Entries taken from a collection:
....
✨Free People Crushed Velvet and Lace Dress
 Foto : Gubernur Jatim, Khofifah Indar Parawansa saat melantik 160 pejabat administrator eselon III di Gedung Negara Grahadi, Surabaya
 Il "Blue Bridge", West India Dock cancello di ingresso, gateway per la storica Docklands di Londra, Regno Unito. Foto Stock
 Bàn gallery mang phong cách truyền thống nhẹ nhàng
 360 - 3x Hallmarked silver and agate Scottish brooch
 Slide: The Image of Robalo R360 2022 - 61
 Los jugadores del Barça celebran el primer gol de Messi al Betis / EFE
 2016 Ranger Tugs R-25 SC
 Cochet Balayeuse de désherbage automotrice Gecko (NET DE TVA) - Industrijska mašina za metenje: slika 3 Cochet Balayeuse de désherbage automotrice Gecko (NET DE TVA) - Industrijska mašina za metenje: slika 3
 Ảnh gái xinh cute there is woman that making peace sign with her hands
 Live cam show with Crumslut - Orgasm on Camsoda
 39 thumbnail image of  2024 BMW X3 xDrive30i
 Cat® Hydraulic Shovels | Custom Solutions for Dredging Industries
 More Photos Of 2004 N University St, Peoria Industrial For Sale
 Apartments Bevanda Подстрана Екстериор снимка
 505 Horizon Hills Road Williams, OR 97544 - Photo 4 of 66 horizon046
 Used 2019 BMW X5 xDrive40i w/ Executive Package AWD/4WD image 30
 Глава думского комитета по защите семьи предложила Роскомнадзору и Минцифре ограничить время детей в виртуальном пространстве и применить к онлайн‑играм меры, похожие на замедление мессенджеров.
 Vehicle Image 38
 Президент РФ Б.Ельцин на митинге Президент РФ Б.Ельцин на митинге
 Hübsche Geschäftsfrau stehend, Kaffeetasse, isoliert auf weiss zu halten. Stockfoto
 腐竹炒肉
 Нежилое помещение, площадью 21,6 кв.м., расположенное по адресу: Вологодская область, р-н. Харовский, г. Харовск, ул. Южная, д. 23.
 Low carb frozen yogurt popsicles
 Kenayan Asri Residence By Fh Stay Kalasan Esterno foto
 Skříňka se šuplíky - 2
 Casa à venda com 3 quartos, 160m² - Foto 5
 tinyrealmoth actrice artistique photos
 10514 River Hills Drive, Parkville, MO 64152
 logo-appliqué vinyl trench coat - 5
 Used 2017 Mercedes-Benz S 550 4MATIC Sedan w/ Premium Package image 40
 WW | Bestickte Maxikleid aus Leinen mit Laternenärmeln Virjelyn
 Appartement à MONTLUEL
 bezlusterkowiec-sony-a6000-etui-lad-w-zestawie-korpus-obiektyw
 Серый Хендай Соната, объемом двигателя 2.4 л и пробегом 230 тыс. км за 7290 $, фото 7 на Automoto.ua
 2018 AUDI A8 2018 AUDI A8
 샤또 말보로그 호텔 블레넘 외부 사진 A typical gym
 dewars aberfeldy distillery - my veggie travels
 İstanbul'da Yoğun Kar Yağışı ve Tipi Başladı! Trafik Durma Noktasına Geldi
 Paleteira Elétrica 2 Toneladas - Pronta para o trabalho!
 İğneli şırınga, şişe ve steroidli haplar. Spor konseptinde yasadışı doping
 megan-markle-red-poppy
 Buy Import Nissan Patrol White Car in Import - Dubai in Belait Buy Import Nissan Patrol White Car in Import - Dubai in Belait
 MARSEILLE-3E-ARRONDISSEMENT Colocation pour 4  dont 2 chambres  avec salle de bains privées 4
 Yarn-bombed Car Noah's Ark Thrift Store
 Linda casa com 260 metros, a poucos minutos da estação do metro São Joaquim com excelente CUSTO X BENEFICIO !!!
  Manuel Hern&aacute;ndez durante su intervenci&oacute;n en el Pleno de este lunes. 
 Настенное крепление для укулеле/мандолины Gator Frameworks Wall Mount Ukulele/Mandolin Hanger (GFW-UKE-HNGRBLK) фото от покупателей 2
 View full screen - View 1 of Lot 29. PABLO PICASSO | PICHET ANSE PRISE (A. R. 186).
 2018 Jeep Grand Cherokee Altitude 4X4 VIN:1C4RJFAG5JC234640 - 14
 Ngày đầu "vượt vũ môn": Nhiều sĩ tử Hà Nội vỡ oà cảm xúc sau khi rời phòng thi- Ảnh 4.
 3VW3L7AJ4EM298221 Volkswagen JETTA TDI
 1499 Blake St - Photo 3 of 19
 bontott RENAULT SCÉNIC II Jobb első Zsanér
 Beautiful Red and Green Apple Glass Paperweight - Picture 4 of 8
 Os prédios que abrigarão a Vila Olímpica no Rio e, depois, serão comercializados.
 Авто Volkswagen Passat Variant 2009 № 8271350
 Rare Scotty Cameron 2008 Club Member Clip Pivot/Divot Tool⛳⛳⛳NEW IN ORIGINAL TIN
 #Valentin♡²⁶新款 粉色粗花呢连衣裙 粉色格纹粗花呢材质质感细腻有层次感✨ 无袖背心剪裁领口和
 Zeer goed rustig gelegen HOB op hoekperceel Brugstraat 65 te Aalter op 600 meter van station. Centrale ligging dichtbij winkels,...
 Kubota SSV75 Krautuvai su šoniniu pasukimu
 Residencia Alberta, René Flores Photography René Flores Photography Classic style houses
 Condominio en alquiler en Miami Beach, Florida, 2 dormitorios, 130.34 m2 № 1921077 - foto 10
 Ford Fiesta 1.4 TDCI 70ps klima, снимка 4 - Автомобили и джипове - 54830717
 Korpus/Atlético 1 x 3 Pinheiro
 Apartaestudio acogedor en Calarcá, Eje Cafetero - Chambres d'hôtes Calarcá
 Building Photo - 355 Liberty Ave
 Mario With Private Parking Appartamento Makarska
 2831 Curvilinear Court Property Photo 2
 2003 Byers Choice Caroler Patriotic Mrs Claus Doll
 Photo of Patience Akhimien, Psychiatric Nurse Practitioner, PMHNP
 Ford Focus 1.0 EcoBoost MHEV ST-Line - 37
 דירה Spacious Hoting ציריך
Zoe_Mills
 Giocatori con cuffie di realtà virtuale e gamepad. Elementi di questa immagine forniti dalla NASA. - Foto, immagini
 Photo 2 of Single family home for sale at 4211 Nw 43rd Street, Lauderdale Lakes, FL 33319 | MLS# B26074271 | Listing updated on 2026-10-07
....
WORK ITEM:
Look above for the line containing "Kubota SSV75 Krautuvai su šoniniu pasukimu". Return it and each line after it exactly, through the last line, and nothing more.

RESULT OF THIS TASK:
 Kubota SSV75 Krautuvai su šoniniu pasukimu
 Residencia Alberta, René Flores Photography René Flores Photography Classic style houses
 Condominio en alquiler en Miami Beach, Florida, 2 dormitorios, 130.34 m2 № 1921077 - foto 10
 Ford Fiesta 1.4 TDCI 70ps klima, снимка 4 - Автомобили и джипове - 54830717
 Korpus/Atlético 1 x 3 Pinheiro
 Apartaestudio acogedor en Calarcá, Eje Cafetero - Chambres d'hôtes Calarcá
 Building Photo - 355 Liberty Ave
 Mario With Private Parking Appartamento Makarska
 2831 Curvilinear Court Property Photo 2
 2003 Byers Choice Caroler Patriotic Mrs Claus Doll
 Photo of Patience Akhimien, Psychiatric Nurse Practitioner, PMHNP
 Ford Focus 1.0 EcoBoost MHEV ST-Line - 37
 דירה Spacious Hoting ציריך
Zoe_Mills
 Giocatori con cuffie di realtà virtuale e gamepad. Elementi di questa immagine forniti dalla NASA. - Foto, immagini
 Photo 2 of Single family home for sale at 4211 Nw 43rd Street, Lauderdale Lakes, FL 33319 | MLS# B26074271 | Listing updated on 2026-10-07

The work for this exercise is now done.